TASK DESCRIPTION
Reproduce, exactly and in full, the lines from the one with "Oxford Diecast 76FT1003" through the one with "नवी मुंबईत Economic" in the data below; drop pictures.
[[ DATASET RECORDS, beginning ]]
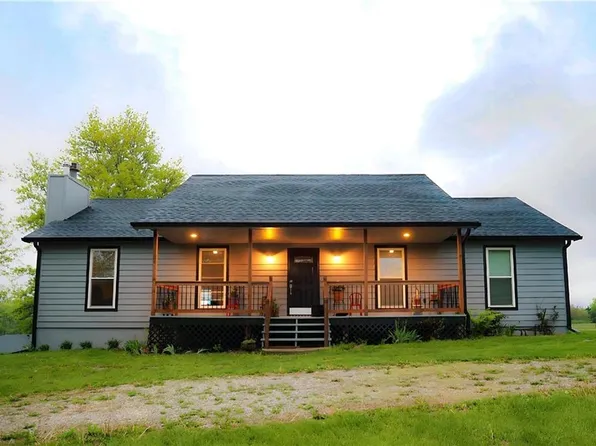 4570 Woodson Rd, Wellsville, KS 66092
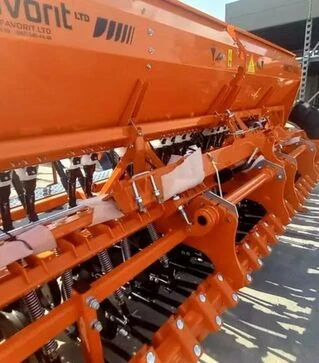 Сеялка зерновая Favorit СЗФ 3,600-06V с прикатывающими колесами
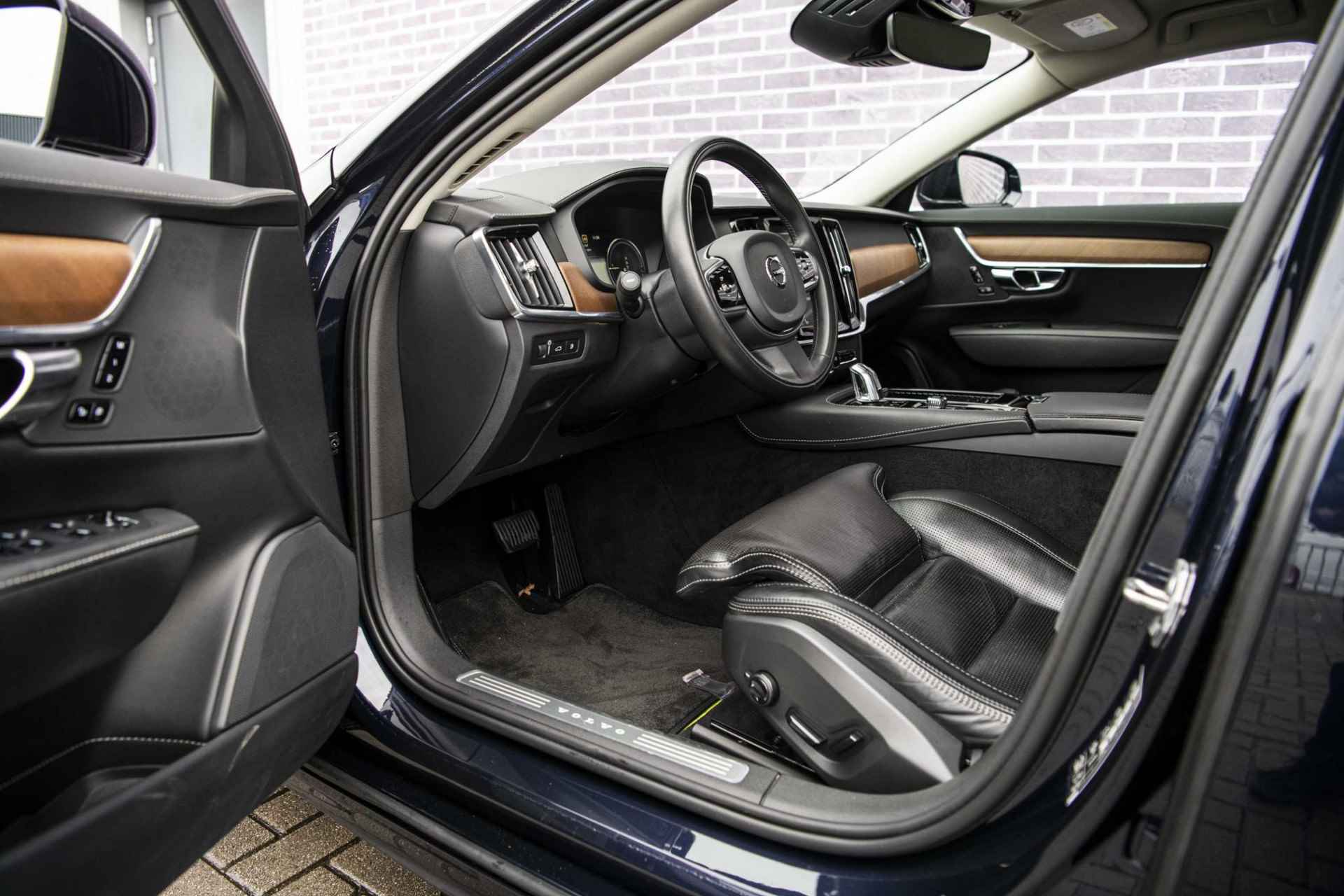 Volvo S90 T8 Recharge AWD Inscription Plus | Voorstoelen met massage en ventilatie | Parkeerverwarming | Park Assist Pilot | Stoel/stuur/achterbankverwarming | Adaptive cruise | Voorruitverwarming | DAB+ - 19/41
[[ DATASET RECORDS, end ]]
[[ DATASET RECORDS, beginning ]]
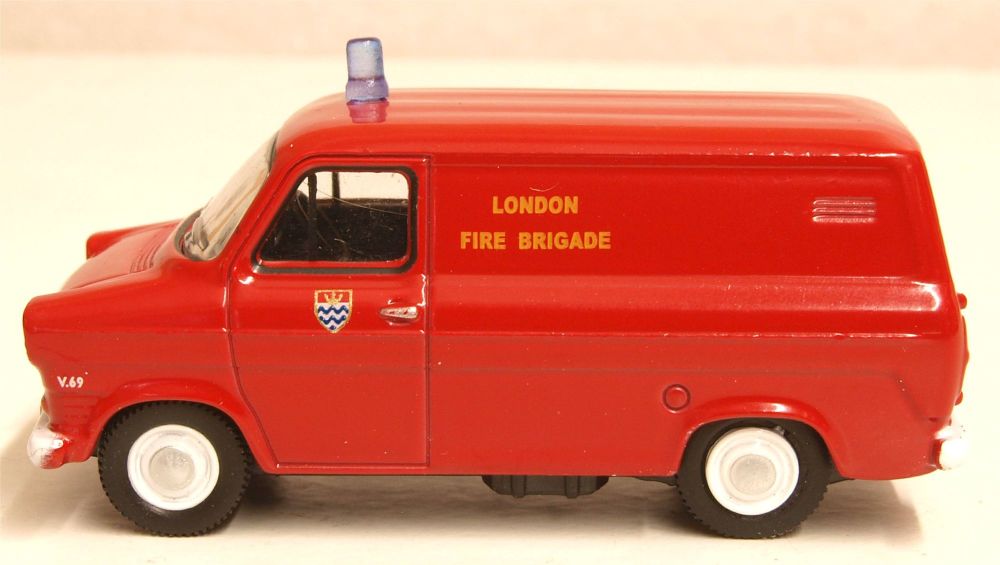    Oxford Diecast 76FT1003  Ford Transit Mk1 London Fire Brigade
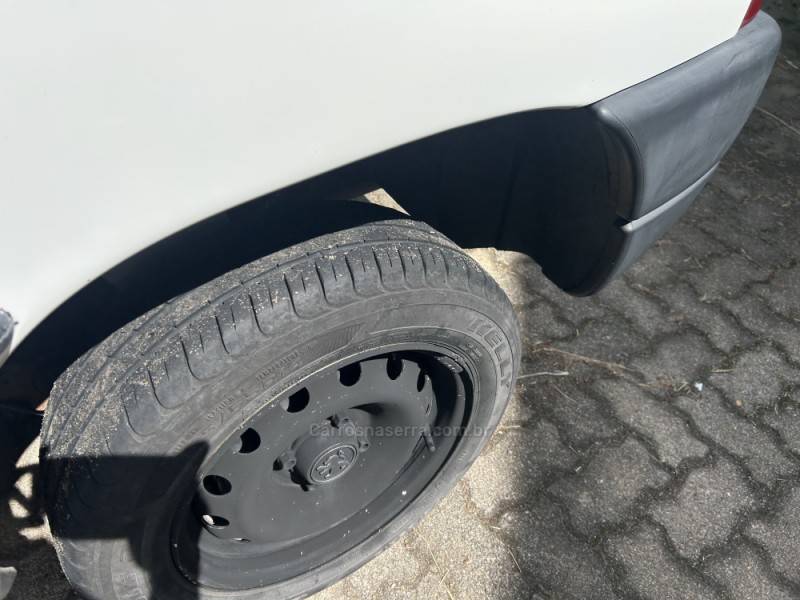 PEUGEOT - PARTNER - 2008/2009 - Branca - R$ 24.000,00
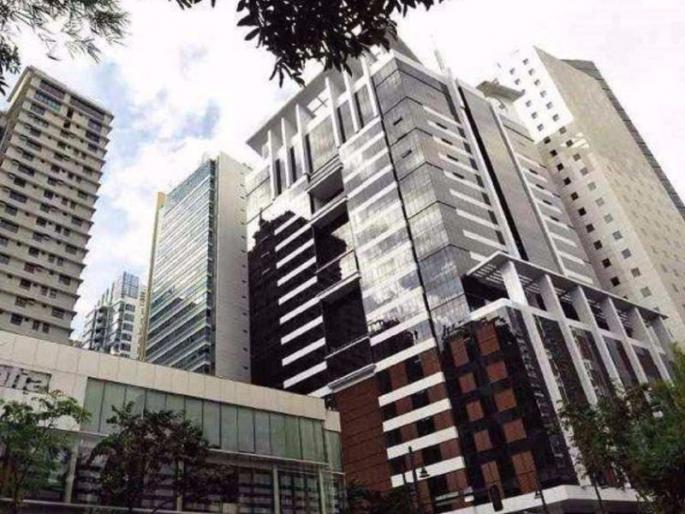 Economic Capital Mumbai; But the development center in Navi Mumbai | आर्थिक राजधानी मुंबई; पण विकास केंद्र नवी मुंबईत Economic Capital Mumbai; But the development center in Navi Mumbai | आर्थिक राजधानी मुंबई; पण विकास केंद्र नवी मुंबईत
[[ DATASET RECORDS, end ]]
WRITTEN ANSWER
    Oxford Diecast 76FT1003  Ford Transit Mk1 London Fire Brigade
 PEUGEOT - PARTNER - 2008/2009 - Branca - R$ 24.000,00
 Economic Capital Mumbai; But the development center in Navi Mumbai | आर्थिक राजधानी मुंबई; पण विकास केंद्र नवी मुंबईत Economic Capital Mumbai; But the development center in Navi Mumbai | आर्थिक राजधानी मुंबई; पण विकास केंद्र नवी मुंबईत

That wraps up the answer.